• **EXERCISE**
Let the line containing "In this video, we're" serve as the first line of the answer and the final line of the entries as its last, with every line between copied exactly.

Dataset entries:
————————
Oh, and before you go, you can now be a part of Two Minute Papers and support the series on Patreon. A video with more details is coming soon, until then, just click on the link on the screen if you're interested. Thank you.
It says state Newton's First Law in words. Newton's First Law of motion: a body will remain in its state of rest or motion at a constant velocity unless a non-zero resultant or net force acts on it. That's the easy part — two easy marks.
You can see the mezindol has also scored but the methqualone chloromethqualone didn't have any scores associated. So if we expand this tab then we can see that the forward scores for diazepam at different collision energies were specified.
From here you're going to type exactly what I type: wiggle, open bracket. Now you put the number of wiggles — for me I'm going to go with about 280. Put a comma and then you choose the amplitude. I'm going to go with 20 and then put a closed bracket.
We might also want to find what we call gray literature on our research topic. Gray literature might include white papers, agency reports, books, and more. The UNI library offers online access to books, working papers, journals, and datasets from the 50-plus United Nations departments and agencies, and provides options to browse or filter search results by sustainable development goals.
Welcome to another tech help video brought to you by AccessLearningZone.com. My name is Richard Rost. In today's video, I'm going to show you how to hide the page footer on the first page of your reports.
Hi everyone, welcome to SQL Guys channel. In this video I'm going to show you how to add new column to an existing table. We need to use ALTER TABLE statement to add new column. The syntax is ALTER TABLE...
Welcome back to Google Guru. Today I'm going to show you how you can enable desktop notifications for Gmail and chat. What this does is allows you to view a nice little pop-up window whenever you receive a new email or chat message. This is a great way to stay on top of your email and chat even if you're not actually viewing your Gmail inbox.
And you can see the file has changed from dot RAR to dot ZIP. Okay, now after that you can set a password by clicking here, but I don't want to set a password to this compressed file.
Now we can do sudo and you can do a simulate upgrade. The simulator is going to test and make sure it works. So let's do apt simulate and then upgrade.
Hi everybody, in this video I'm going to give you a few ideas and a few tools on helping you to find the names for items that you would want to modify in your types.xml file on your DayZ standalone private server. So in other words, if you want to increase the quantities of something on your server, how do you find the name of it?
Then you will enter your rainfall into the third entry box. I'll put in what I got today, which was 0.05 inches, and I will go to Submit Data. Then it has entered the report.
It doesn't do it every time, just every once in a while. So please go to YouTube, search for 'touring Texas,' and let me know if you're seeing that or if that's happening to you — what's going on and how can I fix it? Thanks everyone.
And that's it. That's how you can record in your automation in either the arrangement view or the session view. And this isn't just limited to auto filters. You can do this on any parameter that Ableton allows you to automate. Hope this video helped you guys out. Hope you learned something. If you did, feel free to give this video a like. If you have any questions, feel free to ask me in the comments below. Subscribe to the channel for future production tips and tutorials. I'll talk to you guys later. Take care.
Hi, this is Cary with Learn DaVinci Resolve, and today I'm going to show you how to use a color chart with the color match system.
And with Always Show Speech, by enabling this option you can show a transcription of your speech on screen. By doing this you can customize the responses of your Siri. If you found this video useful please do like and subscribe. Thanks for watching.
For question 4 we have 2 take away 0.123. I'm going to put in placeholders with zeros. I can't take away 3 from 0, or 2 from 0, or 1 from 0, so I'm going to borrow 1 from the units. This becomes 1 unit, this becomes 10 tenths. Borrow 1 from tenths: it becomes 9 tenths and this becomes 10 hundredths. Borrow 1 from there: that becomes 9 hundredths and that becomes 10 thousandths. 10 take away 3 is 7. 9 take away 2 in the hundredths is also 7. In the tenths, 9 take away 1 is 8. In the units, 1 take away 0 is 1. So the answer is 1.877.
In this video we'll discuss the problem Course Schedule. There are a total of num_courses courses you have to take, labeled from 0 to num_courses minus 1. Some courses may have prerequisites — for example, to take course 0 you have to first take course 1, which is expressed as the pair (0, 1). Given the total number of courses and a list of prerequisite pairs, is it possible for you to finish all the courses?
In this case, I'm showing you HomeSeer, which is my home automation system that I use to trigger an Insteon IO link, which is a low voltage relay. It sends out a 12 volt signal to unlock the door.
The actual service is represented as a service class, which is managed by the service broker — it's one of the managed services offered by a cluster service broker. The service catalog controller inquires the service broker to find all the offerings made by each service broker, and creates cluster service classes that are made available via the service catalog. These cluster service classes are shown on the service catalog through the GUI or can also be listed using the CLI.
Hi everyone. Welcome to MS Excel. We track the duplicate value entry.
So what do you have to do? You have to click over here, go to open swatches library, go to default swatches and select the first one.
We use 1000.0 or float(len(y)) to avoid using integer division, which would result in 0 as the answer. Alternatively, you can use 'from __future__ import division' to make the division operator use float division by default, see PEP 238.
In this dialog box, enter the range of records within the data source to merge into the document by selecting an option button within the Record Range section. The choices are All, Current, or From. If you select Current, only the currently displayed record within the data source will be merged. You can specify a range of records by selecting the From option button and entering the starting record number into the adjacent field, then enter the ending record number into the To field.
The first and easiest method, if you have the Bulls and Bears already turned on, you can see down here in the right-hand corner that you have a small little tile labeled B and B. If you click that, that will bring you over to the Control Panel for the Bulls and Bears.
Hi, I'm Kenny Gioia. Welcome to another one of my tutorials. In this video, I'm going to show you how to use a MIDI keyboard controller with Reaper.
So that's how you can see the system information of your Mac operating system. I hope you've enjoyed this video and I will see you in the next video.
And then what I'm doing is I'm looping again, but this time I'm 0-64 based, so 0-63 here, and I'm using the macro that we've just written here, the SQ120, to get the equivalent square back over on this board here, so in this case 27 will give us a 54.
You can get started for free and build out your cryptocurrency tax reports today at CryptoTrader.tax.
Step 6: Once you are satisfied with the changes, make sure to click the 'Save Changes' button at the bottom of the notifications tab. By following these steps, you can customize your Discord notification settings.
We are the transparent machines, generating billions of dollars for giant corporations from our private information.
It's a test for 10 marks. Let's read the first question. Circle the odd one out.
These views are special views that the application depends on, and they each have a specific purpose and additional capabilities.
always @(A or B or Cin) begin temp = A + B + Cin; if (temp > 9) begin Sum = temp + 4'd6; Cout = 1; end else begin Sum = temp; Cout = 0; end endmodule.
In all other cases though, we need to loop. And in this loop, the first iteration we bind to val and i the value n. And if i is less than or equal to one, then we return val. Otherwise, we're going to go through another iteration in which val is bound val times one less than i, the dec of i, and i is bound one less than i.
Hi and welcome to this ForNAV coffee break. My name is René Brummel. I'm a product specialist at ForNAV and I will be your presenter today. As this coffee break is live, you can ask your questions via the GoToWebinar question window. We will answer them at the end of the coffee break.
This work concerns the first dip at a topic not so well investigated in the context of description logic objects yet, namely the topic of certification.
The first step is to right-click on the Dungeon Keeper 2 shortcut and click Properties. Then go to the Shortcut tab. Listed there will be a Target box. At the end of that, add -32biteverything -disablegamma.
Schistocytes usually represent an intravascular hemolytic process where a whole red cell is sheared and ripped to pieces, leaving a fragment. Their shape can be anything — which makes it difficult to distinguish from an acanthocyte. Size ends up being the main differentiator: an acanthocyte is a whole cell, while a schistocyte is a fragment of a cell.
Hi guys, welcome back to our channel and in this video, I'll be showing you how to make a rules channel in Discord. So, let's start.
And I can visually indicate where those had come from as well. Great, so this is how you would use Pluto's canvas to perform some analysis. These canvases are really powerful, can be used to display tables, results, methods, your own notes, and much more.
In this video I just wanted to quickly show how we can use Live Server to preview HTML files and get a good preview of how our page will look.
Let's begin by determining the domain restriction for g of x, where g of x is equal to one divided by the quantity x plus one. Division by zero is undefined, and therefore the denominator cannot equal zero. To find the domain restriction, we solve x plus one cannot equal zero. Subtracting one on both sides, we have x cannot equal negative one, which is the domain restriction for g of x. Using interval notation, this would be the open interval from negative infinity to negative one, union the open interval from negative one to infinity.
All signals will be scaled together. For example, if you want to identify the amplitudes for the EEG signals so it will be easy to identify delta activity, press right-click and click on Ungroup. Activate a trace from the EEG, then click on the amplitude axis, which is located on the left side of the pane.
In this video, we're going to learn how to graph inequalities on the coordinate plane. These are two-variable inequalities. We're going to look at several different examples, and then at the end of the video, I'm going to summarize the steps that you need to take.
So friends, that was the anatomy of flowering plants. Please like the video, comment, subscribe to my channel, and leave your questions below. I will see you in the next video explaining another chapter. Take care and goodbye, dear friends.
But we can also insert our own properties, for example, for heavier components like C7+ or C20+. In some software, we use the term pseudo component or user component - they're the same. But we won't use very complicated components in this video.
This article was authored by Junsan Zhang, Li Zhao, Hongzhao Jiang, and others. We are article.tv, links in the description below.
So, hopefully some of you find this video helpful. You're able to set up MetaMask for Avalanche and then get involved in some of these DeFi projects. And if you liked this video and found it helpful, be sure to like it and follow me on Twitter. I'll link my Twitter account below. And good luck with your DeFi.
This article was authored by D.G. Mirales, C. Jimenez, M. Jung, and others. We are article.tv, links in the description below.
————————
• **SOLUTION TO THIS TASK**
In this video, we're going to learn how to graph inequalities on the coordinate plane. These are two-variable inequalities. We're going to look at several different examples, and then at the end of the video, I'm going to summarize the steps that you need to take.
So friends, that was the anatomy of flowering plants. Please like the video, comment, subscribe to my channel, and leave your questions below. I will see you in the next video explaining another chapter. Take care and goodbye, dear friends.
But we can also insert our own properties, for example, for heavier components like C7+ or C20+. In some software, we use the term pseudo component or user component - they're the same. But we won't use very complicated components in this video.
This article was authored by Junsan Zhang, Li Zhao, Hongzhao Jiang, and others. We are article.tv, links in the description below.
So, hopefully some of you find this video helpful. You're able to set up MetaMask for Avalanche and then get involved in some of these DeFi projects. And if you liked this video and found it helpful, be sure to like it and follow me on Twitter. I'll link my Twitter account below. And good luck with your DeFi.
This article was authored by D.G. Mirales, C. Jimenez, M. Jung, and others. We are article.tv, links in the description below.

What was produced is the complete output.